» **What to do**: Two lines below mark the span: the one containing "Women's V-neck Long-sleeve" and the one containing "Hydraulic Motor Assembly". Set down both, plus every line between, exactly as they stand, and nothing else.

» **Provided entries**:
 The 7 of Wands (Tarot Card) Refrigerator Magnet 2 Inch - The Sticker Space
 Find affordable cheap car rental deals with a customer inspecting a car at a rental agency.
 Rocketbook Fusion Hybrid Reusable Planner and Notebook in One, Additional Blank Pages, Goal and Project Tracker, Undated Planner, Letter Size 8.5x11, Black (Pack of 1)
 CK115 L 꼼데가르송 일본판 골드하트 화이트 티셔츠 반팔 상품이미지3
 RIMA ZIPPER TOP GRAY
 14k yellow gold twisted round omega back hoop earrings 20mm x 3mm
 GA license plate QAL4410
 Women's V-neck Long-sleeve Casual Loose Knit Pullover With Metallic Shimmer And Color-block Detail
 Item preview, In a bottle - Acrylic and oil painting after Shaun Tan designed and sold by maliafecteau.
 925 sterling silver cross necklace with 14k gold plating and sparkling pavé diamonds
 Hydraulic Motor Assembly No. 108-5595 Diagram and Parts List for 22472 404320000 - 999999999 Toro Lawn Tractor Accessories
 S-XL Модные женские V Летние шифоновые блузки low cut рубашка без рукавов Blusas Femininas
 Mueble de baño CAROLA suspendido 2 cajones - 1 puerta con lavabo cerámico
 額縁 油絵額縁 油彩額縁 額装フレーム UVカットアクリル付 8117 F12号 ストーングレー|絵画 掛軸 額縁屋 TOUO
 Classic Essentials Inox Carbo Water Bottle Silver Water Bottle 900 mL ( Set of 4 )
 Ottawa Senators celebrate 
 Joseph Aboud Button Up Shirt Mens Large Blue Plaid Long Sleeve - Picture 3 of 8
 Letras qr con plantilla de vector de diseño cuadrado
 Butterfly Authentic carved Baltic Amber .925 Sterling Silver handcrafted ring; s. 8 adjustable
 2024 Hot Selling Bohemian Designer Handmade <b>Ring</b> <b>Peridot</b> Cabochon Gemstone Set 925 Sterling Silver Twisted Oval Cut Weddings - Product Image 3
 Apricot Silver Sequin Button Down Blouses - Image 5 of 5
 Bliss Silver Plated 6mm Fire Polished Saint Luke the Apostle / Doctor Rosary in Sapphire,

» **Completed exercise**:
 Women's V-neck Long-sleeve Casual Loose Knit Pullover With Metallic Shimmer And Color-block Detail
 Item preview, In a bottle - Acrylic and oil painting after Shaun Tan designed and sold by maliafecteau.
 925 sterling silver cross necklace with 14k gold plating and sparkling pavé diamonds
 Hydraulic Motor Assembly No. 108-5595 Diagram and Parts List for 22472 404320000 - 999999999 Toro Lawn Tractor Accessories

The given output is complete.